Playing favorites in the workplace just isn’t professional at all and could potentially land you in a lawsuit for discrimination. Not only can playing favorites be illegal, it can also decrease sales and productivity. Displaying favorites in the workplace minimizes incentives for those employees that actually deserves better perks than others. Your employees will notice your favoritism and will, sooner or later, stop giving maximum effort in completing their work.
Is favoritism in the workplace the same as discrimination?
Sometimes. It depends on how the employees are being favored. Most often, the favoritism comes from bad management, but if favoritism is coming from retaliation or harassment, it is no longer bad management – it is illegal behavior.

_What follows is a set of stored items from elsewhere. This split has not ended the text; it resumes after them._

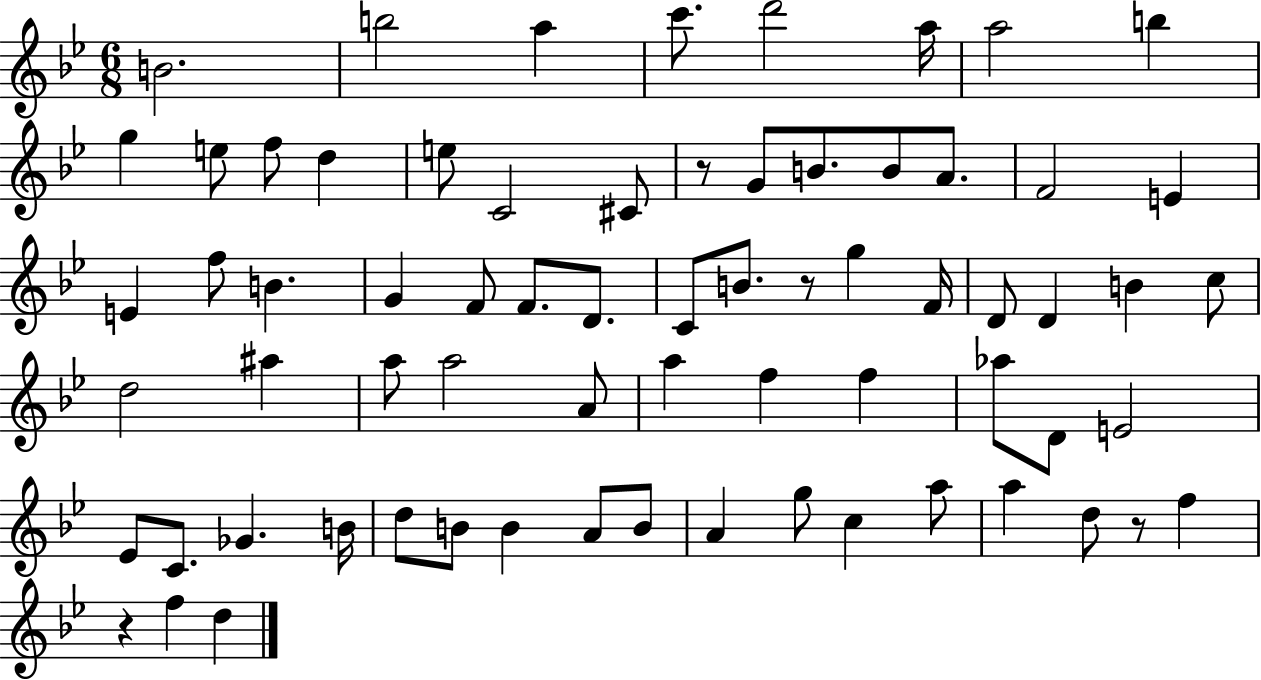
B4/h. B5/h A5/q C6/e. D6/h A5/s A5/h B5/q G5/q E5/e F5/e D5/q E5/e C4/h C#4/e R/e G4/e B4/e. B4/e A4/e. F4/h E4/q E4/q F5/e B4/q. G4/q F4/e F4/e. D4/e. C4/e B4/e. R/e G5/q F4/s D4/e D4/q B4/q C5/e D5/h A#5/q A5/e A5/h A4/e A5/q F5/q F5/q Ab5/e D4/e E4/h Eb4/e C4/e. Gb4/q. B4/s D5/e B4/e B4/q A4/e B4/e A4/q G5/e C5/q A5/e A5/q D5/e R/e F5/q R/q F5/q D5/q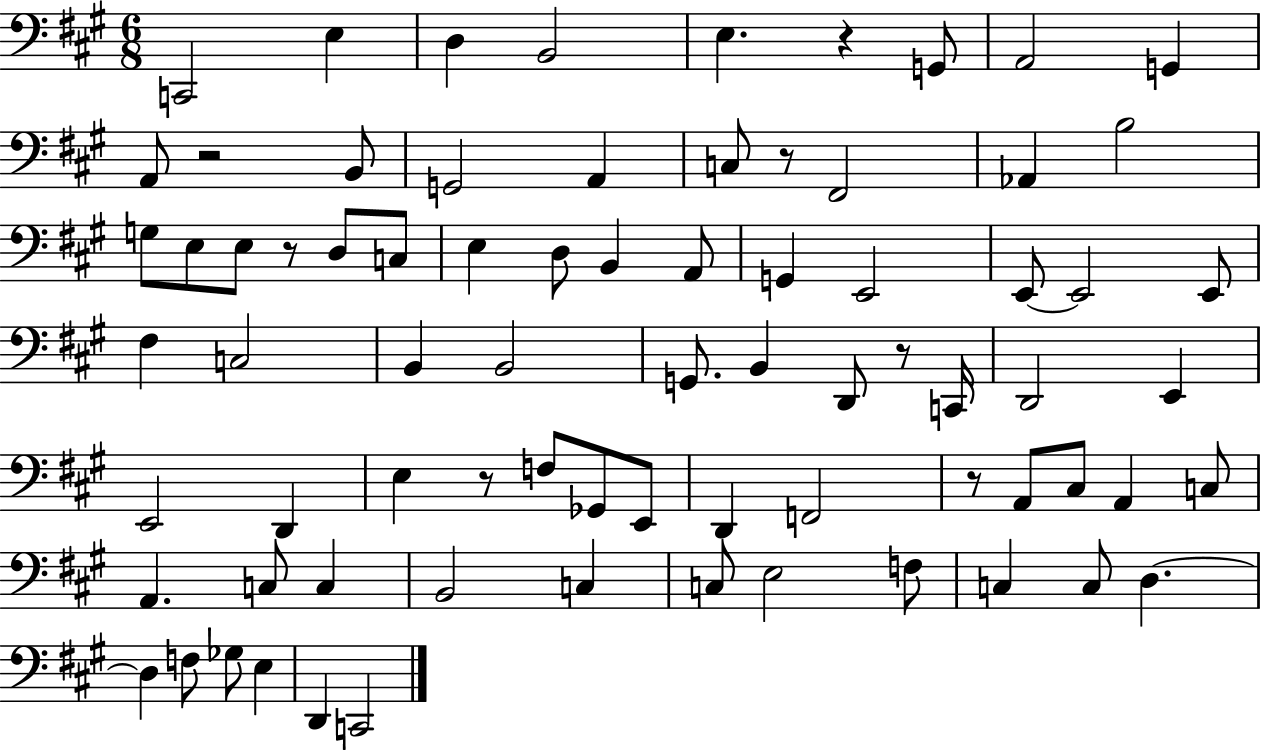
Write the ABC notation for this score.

X:1
T:Untitled
M:6/8
L:1/4
K:A
C,,2 E, D, B,,2 E, z G,,/2 A,,2 G,, A,,/2 z2 B,,/2 G,,2 A,, C,/2 z/2 ^F,,2 _A,, B,2 G,/2 E,/2 E,/2 z/2 D,/2 C,/2 E, D,/2 B,, A,,/2 G,, E,,2 E,,/2 E,,2 E,,/2 ^F, C,2 B,, B,,2 G,,/2 B,, D,,/2 z/2 C,,/4 D,,2 E,, E,,2 D,, E, z/2 F,/2 _G,,/2 E,,/2 D,, F,,2 z/2 A,,/2 ^C,/2 A,, C,/2 A,, C,/2 C, B,,2 C, C,/2 E,2 F,/2 C, C,/2 D, D, F,/2 _G,/2 E, D,, C,,2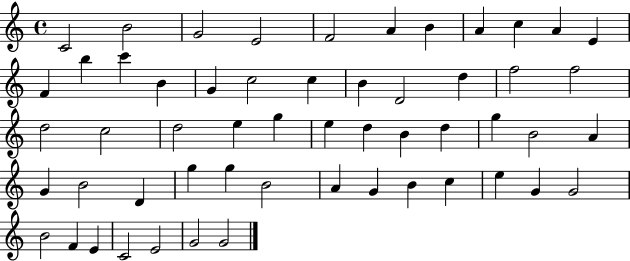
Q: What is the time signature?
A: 4/4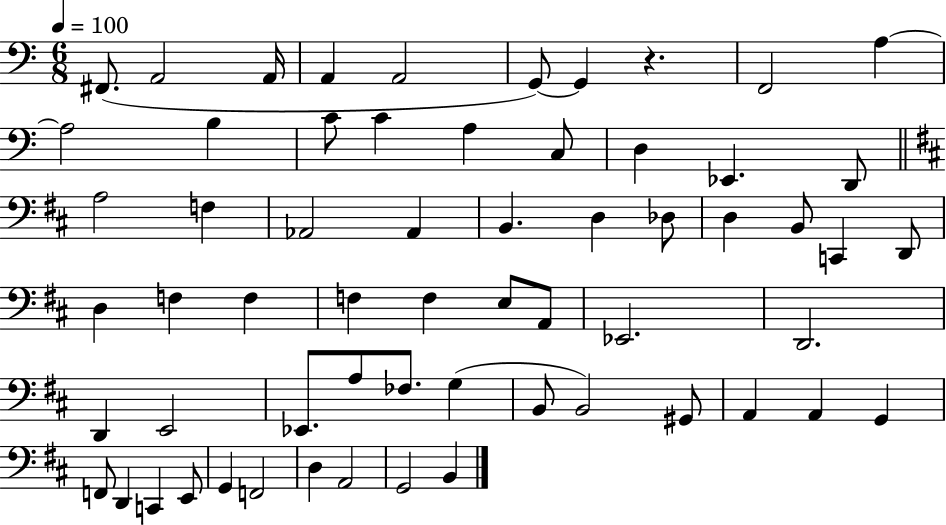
X:1
T:Untitled
M:6/8
L:1/4
K:C
^F,,/2 A,,2 A,,/4 A,, A,,2 G,,/2 G,, z F,,2 A, A,2 B, C/2 C A, C,/2 D, _E,, D,,/2 A,2 F, _A,,2 _A,, B,, D, _D,/2 D, B,,/2 C,, D,,/2 D, F, F, F, F, E,/2 A,,/2 _E,,2 D,,2 D,, E,,2 _E,,/2 A,/2 _F,/2 G, B,,/2 B,,2 ^G,,/2 A,, A,, G,, F,,/2 D,, C,, E,,/2 G,, F,,2 D, A,,2 G,,2 B,,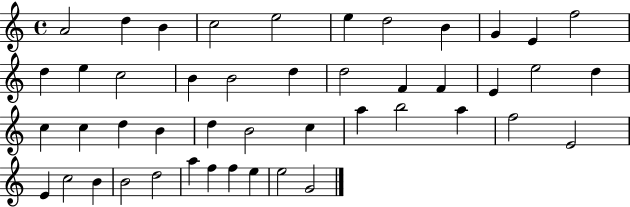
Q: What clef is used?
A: treble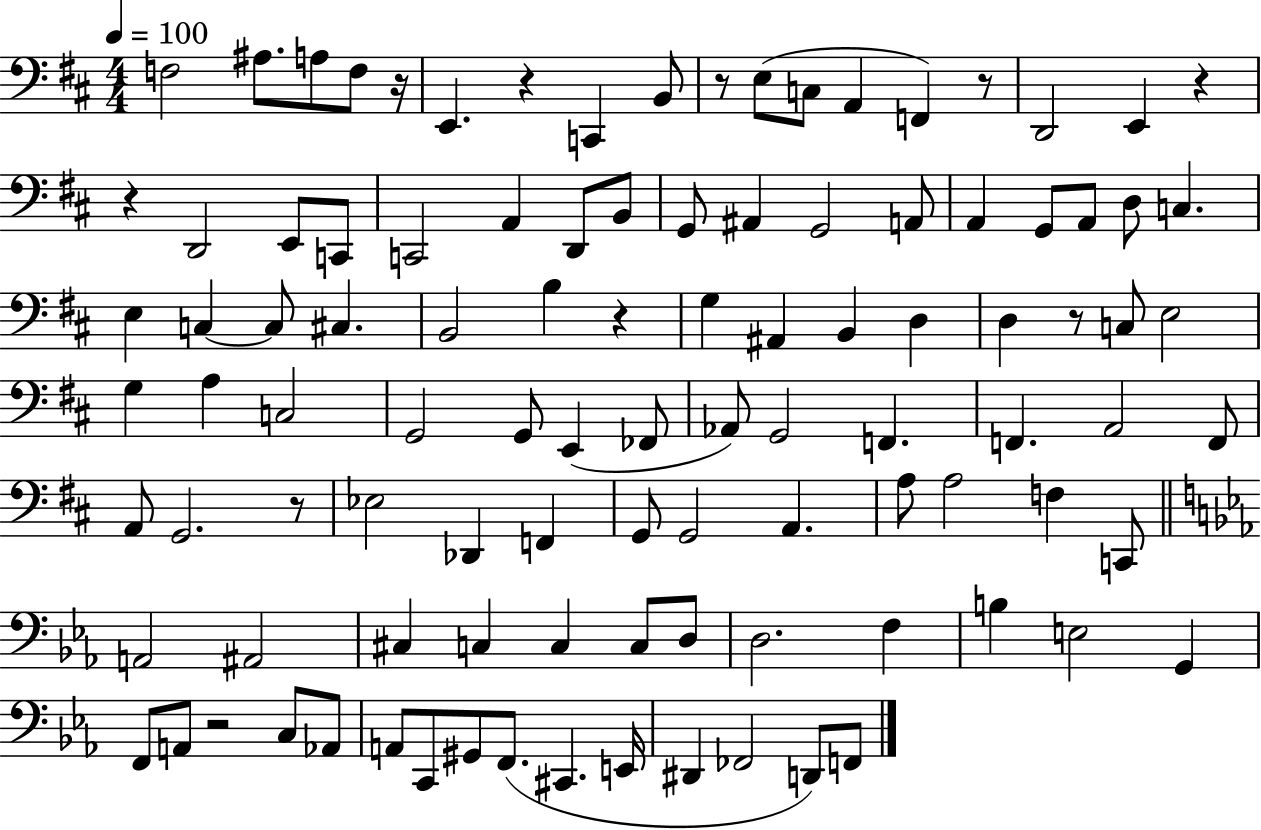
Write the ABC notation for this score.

X:1
T:Untitled
M:4/4
L:1/4
K:D
F,2 ^A,/2 A,/2 F,/2 z/4 E,, z C,, B,,/2 z/2 E,/2 C,/2 A,, F,, z/2 D,,2 E,, z z D,,2 E,,/2 C,,/2 C,,2 A,, D,,/2 B,,/2 G,,/2 ^A,, G,,2 A,,/2 A,, G,,/2 A,,/2 D,/2 C, E, C, C,/2 ^C, B,,2 B, z G, ^A,, B,, D, D, z/2 C,/2 E,2 G, A, C,2 G,,2 G,,/2 E,, _F,,/2 _A,,/2 G,,2 F,, F,, A,,2 F,,/2 A,,/2 G,,2 z/2 _E,2 _D,, F,, G,,/2 G,,2 A,, A,/2 A,2 F, C,,/2 A,,2 ^A,,2 ^C, C, C, C,/2 D,/2 D,2 F, B, E,2 G,, F,,/2 A,,/2 z2 C,/2 _A,,/2 A,,/2 C,,/2 ^G,,/2 F,,/2 ^C,, E,,/4 ^D,, _F,,2 D,,/2 F,,/2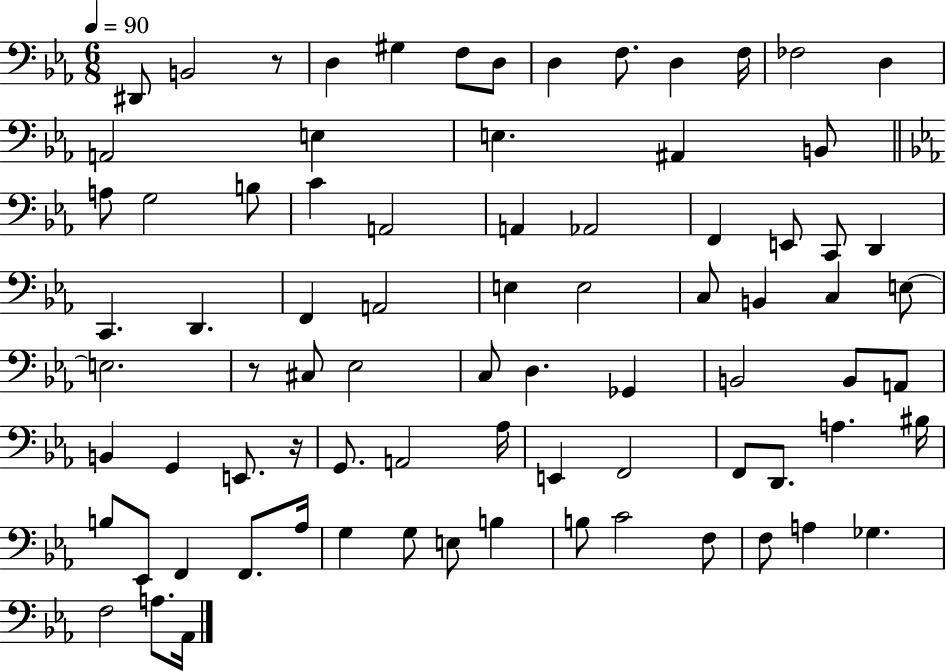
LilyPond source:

{
  \clef bass
  \numericTimeSignature
  \time 6/8
  \key ees \major
  \tempo 4 = 90
  dis,8 b,2 r8 | d4 gis4 f8 d8 | d4 f8. d4 f16 | fes2 d4 | \break a,2 e4 | e4. ais,4 b,8 | \bar "||" \break \key c \minor a8 g2 b8 | c'4 a,2 | a,4 aes,2 | f,4 e,8 c,8 d,4 | \break c,4. d,4. | f,4 a,2 | e4 e2 | c8 b,4 c4 e8~~ | \break e2. | r8 cis8 ees2 | c8 d4. ges,4 | b,2 b,8 a,8 | \break b,4 g,4 e,8. r16 | g,8. a,2 aes16 | e,4 f,2 | f,8 d,8. a4. bis16 | \break b8 ees,8 f,4 f,8. aes16 | g4 g8 e8 b4 | b8 c'2 f8 | f8 a4 ges4. | \break f2 a8. aes,16 | \bar "|."
}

Examples of Non-Discriminatory Favoritism
People love to talk to other people when they have similar interests. Often, employees often wonder why their employer may not talk to them as much as other employees – maybe it’s because you have nothing in common with them – regardless of the reason, some employees may feel inferior and think you are playing favorites. Some examples of non-discriminatory favoritism in the workplace include:
• You communicate with certain employees more than others because you both like football
• You communicate with certain employees more because you like the same food
• You communicate with certain employees more because your children are on the same baseball team
Even though conversation with some employees and not others isn’t discriminatory, or based on favoritism, it can still be troublesome. Ways to prevent this would be:
• Discover something to talk about with the employees you normally don’t talk to
• Include everyone at lunch • Ask every employee for feedback, not just a few
• Reward and praise all employees when meeting goals in the workplace
Examples of Discrimination based on Favoritism:
• More hours to employees with the same religious views
• Giving the best assignments to only females
• Failure to promote an employee because of a disability
Favoritism based on Punishment is Discrimination:
• You don’t give great assignments to those that filed complaints – even if they are qualified for the task
• You gave an employee a different shift because you know they don’t like that particular one
• You cut back an employee’s hours because you don’t like them
There are many types of non-discriminatory and discriminatory favoritisms and all could start workplace issues. The best way to avoid potential discrimination lawsuits is to treat every employee and respect them the same in every way – even if you don’t like them because of filed claims. A good boss stays neutral in the workplace and keeps their personal feelings aside.